Activity:
Copy out the full set of records. Keep every word the same.

Data items:
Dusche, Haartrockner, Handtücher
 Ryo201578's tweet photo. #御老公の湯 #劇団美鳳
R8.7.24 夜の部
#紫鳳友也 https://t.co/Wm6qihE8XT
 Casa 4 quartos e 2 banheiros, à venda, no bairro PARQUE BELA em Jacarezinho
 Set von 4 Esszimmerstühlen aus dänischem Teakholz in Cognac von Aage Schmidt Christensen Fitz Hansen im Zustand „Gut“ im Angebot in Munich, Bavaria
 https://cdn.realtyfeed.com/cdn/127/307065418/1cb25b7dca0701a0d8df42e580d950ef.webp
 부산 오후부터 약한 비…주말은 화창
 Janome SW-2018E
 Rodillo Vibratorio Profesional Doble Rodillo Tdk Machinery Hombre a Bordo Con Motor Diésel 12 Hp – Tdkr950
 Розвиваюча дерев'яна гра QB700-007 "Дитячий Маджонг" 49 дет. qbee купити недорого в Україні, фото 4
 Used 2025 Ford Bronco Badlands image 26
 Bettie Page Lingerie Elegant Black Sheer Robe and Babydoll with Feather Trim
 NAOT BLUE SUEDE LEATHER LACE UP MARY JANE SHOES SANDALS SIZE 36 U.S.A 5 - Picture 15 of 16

Response box:
Dusche, Haartrockner, Handtücher
 Ryo201578's tweet photo. #御老公の湯 #劇団美鳳
R8.7.24 夜の部
#紫鳳友也 https://t.co/Wm6qihE8XT
 Casa 4 quartos e 2 banheiros, à venda, no bairro PARQUE BELA em Jacarezinho
 Set von 4 Esszimmerstühlen aus dänischem Teakholz in Cognac von Aage Schmidt Christensen Fitz Hansen im Zustand „Gut“ im Angebot in Munich, Bavaria
 https://cdn.realtyfeed.com/cdn/127/307065418/1cb25b7dca0701a0d8df42e580d950ef.webp
 부산 오후부터 약한 비…주말은 화창
 Janome SW-2018E
 Rodillo Vibratorio Profesional Doble Rodillo Tdk Machinery Hombre a Bordo Con Motor Diésel 12 Hp – Tdkr950
 Розвиваюча дерев'яна гра QB700-007 "Дитячий Маджонг" 49 дет. qbee купити недорого в Україні, фото 4
 Used 2025 Ford Bronco Badlands image 26
 Bettie Page Lingerie Elegant Black Sheer Robe and Babydoll with Feather Trim
 NAOT BLUE SUEDE LEATHER LACE UP MARY JANE SHOES SANDALS SIZE 36 U.S.A 5 - Picture 15 of 16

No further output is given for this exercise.